On December 11, the elected officers of Chicago Local 786 filed suit in federal court requesting an injunction to stop an “illegal trusteeship” imposed by James Hoffa last July.
The complaint details the history of the take-over of Local 786, and names Chicago Joint Council president Terry Hancock as the force behind it.
If successful, the suit would end the trusteeship, restore democratic control of Local 786, and enjoin Hancock and Hoffa from further attempts to intimidate or merge the local.
The complaint notes that Hancock is an important political ally of Hoffa and “has a personal relationship of a political nature with President Hoffa.”
The suit details a long campaign by Hancock to pressure or coerce Local 786 leaders to merge the local with Local 731, which Hancock heads. As far back as October 2018, Hoffa appointed a monitor of the local to limit the authority of the elected offices. The monitor issued a May 1 “deadline” to merge or face a trusteeship by Hoffa. The Local Union Executive Board met last February 28, and rejected the merger demand.
Hoffa’s appointed rep to the local, Thomas Cornelias, admitted before numerous witnesses that the reason for the trusteeship was the refusal to merge the local.

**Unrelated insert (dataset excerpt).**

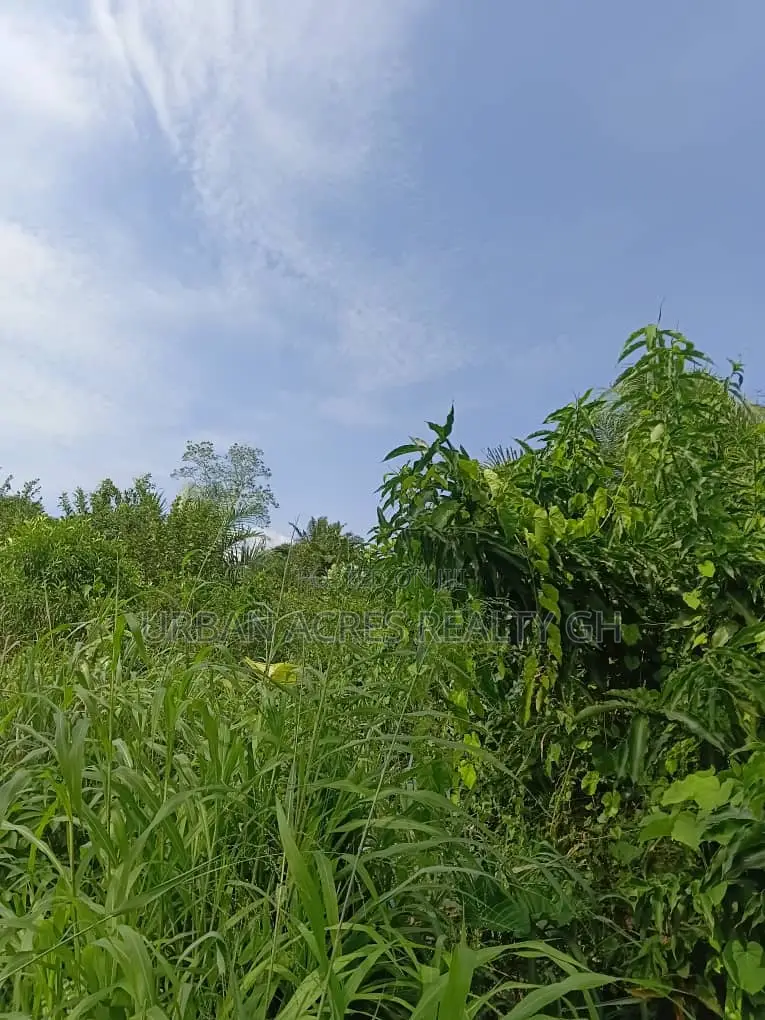 Western Region, Beposo (Atta Ni Atta) _ 25 Acres Farmland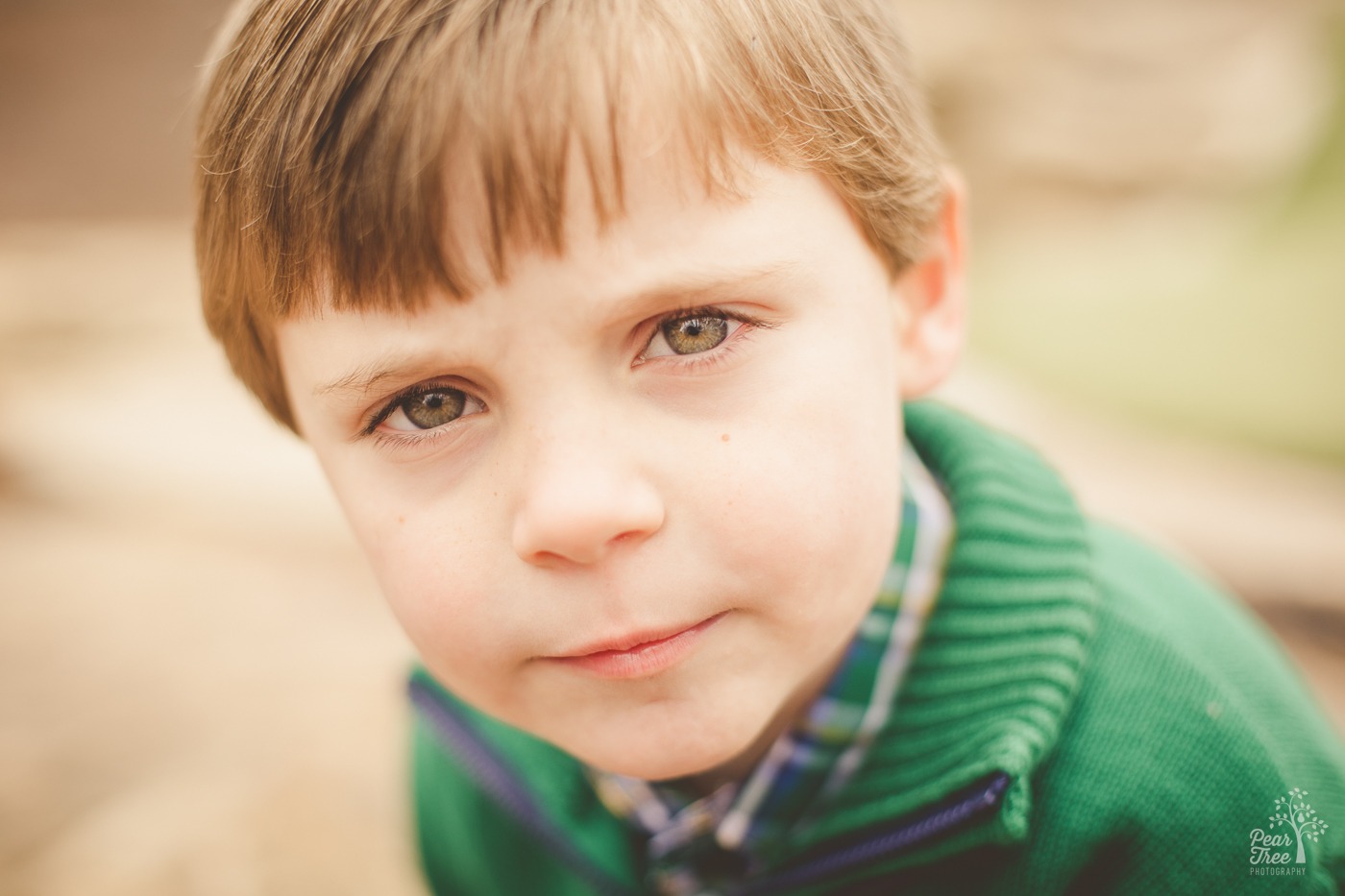 Cute little boy with green eyes and wearing a green sweater staring intently at the camera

The members of Local 786 have stood solidly behind their elected officers who Hoffa ousted, and solidly against the trusteeship. Over 900 members – 80% of the entire local – signed a petition opposing the take-over.
The suit claims that Hancock wanted to force Local 786 to merge to eliminate local which had contracts “often superior to those of Local 731” and to gain control of its fully-funded pension plan. It further notes that Hancock wanted to “silence Local 786 as an independent voice opposing corrupt activities in the Joint Council and Local 731 and holding Hancock accountable for it.”
Attached to the lawsuit complaint as exhibits are the Local Union’s appeal of the trusteeship, and also charges filed in August by the Local 786 officers against Joint Council 25 regarding a pattern of corruption.
The suit and the attached exhibit rebut the stated reasons for the trusteeship, which involve claims that the local union failed to collect benefit contributions from owner-operators, and revived an old claim regarding a recycled agreement. The latter charge was closed by Hoffa over two years ago, and the former was rebutted by the local at the April 2019 trusteeship hearing.
The suit was filed by attorney Thomas Geoghegan, who has a long record of defending unions and the democratic rights of union members. The legal basis is the LMRDA, which is the federal union democracy law. The claims involve an illegal, politically motivated trusteeship, and also an attempt to stifle democratic rights to speak out against corruption.